> **Aim of the exercise**
Print all of the entries exactly, minus the pictures.

-*-*-

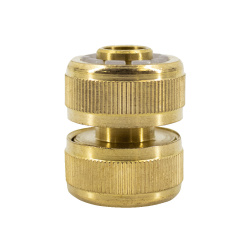 Муфта ремонтная  LISTOK ПРОФИ латунь для шланга  d 1/2"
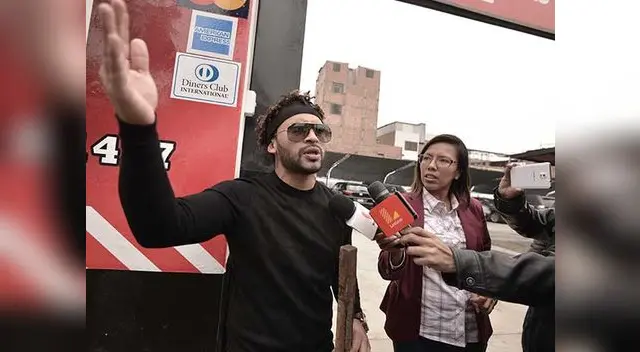 Combatiente Zumba fue reducido por dos policías de civil y sereno de Jesús María Combatiente Zumba fue reducido por dos policías de civil y sereno de Jesús María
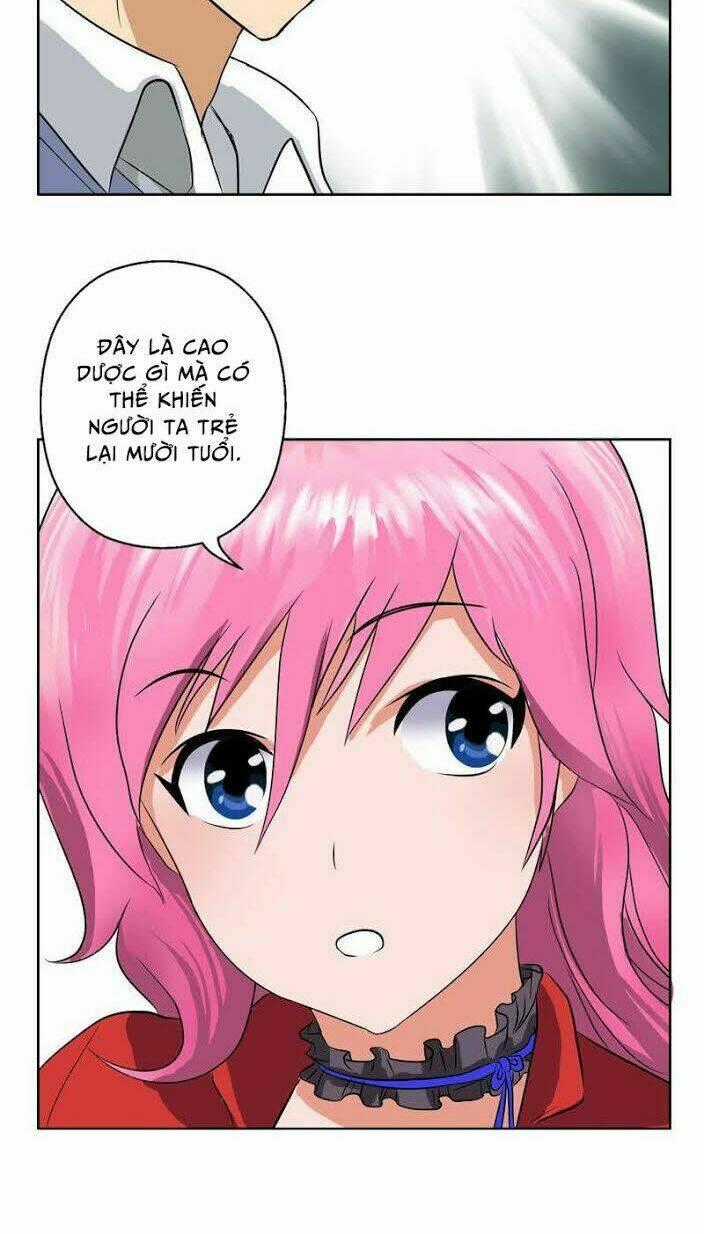 Đô Thị Cực Phẩm Y Tiên Chapter 31 trang 18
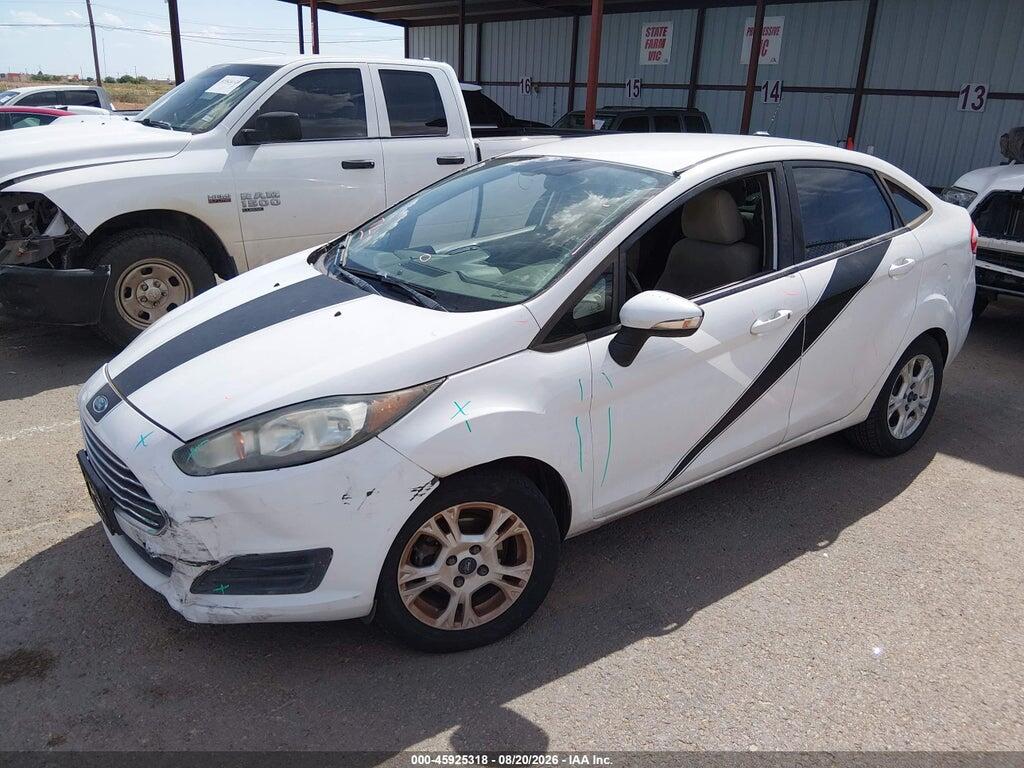 3FADP4BJ7EM160073 2014 FORD FIESTA photo no. 2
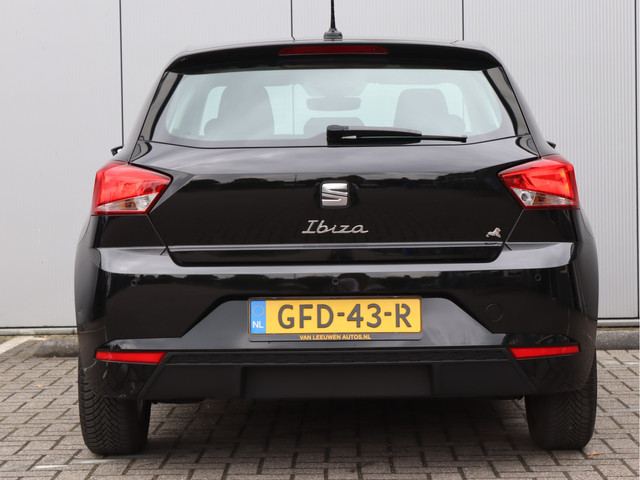 Seat Ibiza 1.0 EcoTSI Style Business Connect | Climate Control | DAB | LED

-*-*-

> **Response for this exercise**
 Муфта ремонтная  LISTOK ПРОФИ латунь для шланга  d 1/2"
 Combatiente Zumba fue reducido por dos policías de civil y sereno de Jesús María Combatiente Zumba fue reducido por dos policías de civil y sereno de Jesús María
 Đô Thị Cực Phẩm Y Tiên Chapter 31 trang 18
 3FADP4BJ7EM160073 2014 FORD FIESTA photo no. 2
 Seat Ibiza 1.0 EcoTSI Style Business Connect | Climate Control | DAB | LED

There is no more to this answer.